We love scones and these carrot cake scones are so good! Full of goodies like finely grated carrots, raisins, and toasted pecans, and spiced with cinnamon and cardamom, they are a hearty and delicious breakfast snack. If you want to go all in, top them with cream cheese icing and you have an authentic “carrot cake” breakfast! If you prefer to stay a little more on the healthy side, then you might want to skip the icing. Or, maybe not. It’s so good! 🥕
For these scones, we used The Best Currant Scone recipe and added all of the carrot cake ingredients, which made the dough just a little bit softer due to the moisture in the raisins and carrots. Be sure to squeeze the excess water from the reconstituted raisins before adding them to the dough. If they are too wet, you may need to add a little bit of extra flour, but add just two tablespoons at a time, until the dough is no longer too sticky to roll out. You may not need it at all, if you really squeeze the water from the raisins after soaking them in boiling water for 15-20 minutes.
The reason for soaking the raisins is to keep them from drying out in the baking process. We usually soak our raisins before adding them to any baked goods. They stay plump and juicy this way!
Carrot Cake Scones
Ingredients
Scones:
- 2 1/2 cups all-purpose flour
- 4 tbsp. light brown sugar
- 1 tsp. baking soda
- 2 tsp. cream of tartar
- 1/2 tsp. salt
- 1 tsp. cinnamon
- 1/2 tsp. cardamom
- 1/4 tsp. all-spice *optional
- 4 oz. butter, chilled and cut into small 1/2-inch pieces (8 tbsp. or 1 stick, or 1/2 cup)
- 1 cup raisins rehydrated – see directions below
- 1 cup toasted pecans (coarsely choppes)

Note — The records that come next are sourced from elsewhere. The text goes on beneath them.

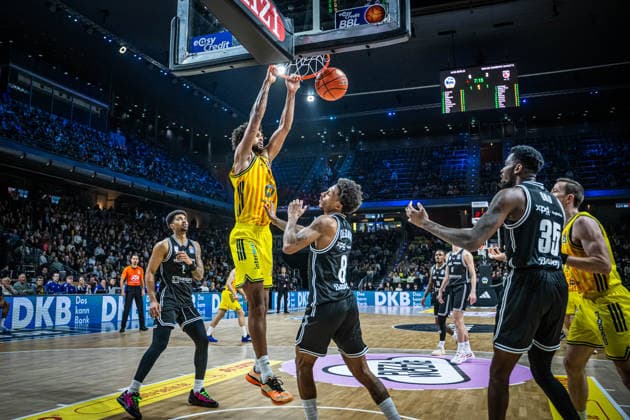 Basketball Berlin 25.01.2026 Saison 2025 2026 EasyCredit BBL 1. Bundesliga Männer, Herren Alba Berlin - BMA365 Bamberg Baskets Norris Agbakoko (Alba Berlin, No.17) Demarcus Demonia (Bamberg, No.08)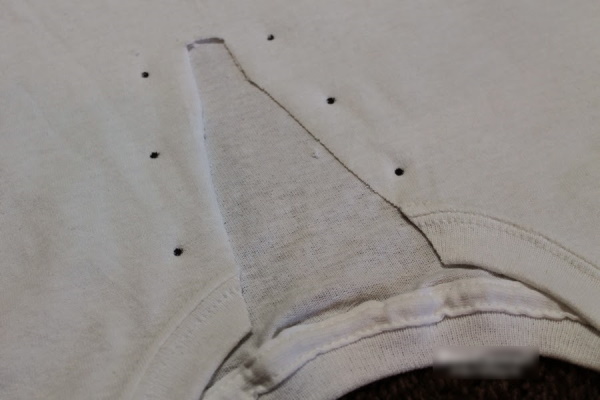 DIY-Piratenkostüm für einen Jungen aus Restmaterialien. Foto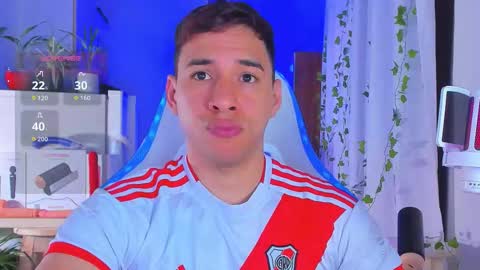 Snapshot of petter_coleman chatting on 03/05/26, 11:01 Petter Coleman online show from 03/05/26, 11:01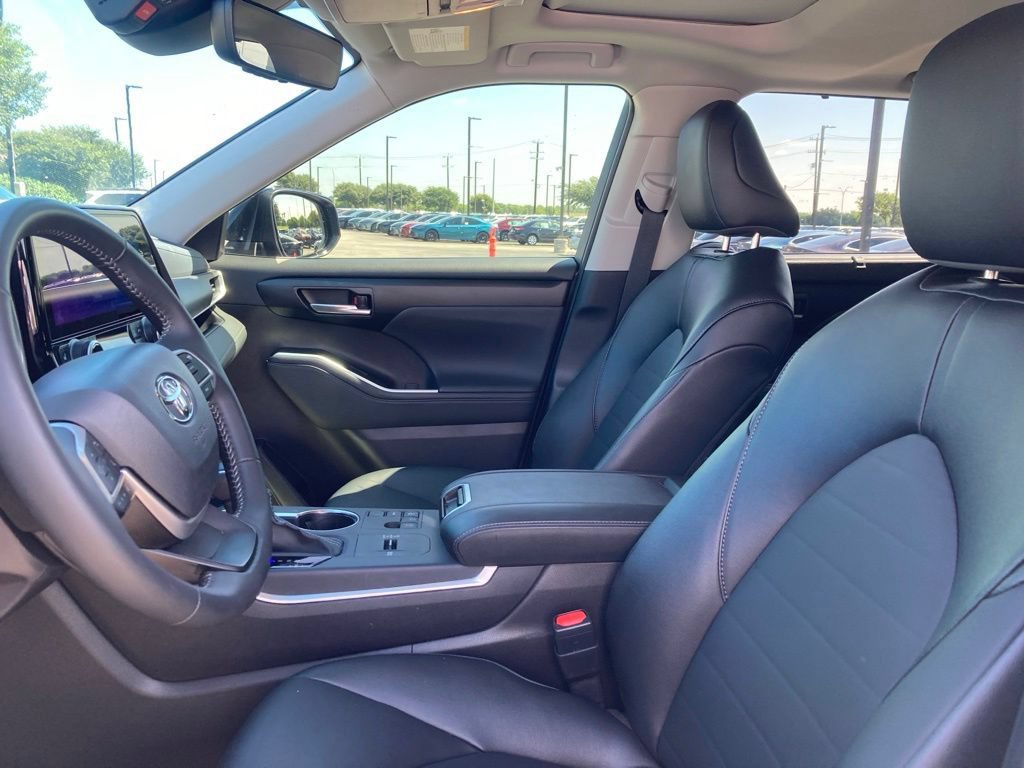 Certified 2025 Toyota Highlander XLE FWD image 9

- 1 cup finely grated carrots
- 3/4 cup milk or half and half – your choice
- 1 tsp. vanilla extract
- 1/2 cup toasted pecans pieces (for garnish on top of the icing)
Vanilla Icing
- 2 oz. cream cheese (softened to room temp)
- 1 cup sifted powdered sugar
- 2 tbsp. milk
- 1/2 tsp. vanilla extract
Instructions
- Preheat oven to 425⁰. Prepare a baking sheet with cooking spray or parchment paper.
- To rehydrate the raisins, place them in a small bowl. Pour about 1 cup of boiling water over them and allow this to sit for about 15-20 minutes. Strain or squeeze excess water out of the raisins before adding them to the dough. You can use a strainer for this or cheese cloth.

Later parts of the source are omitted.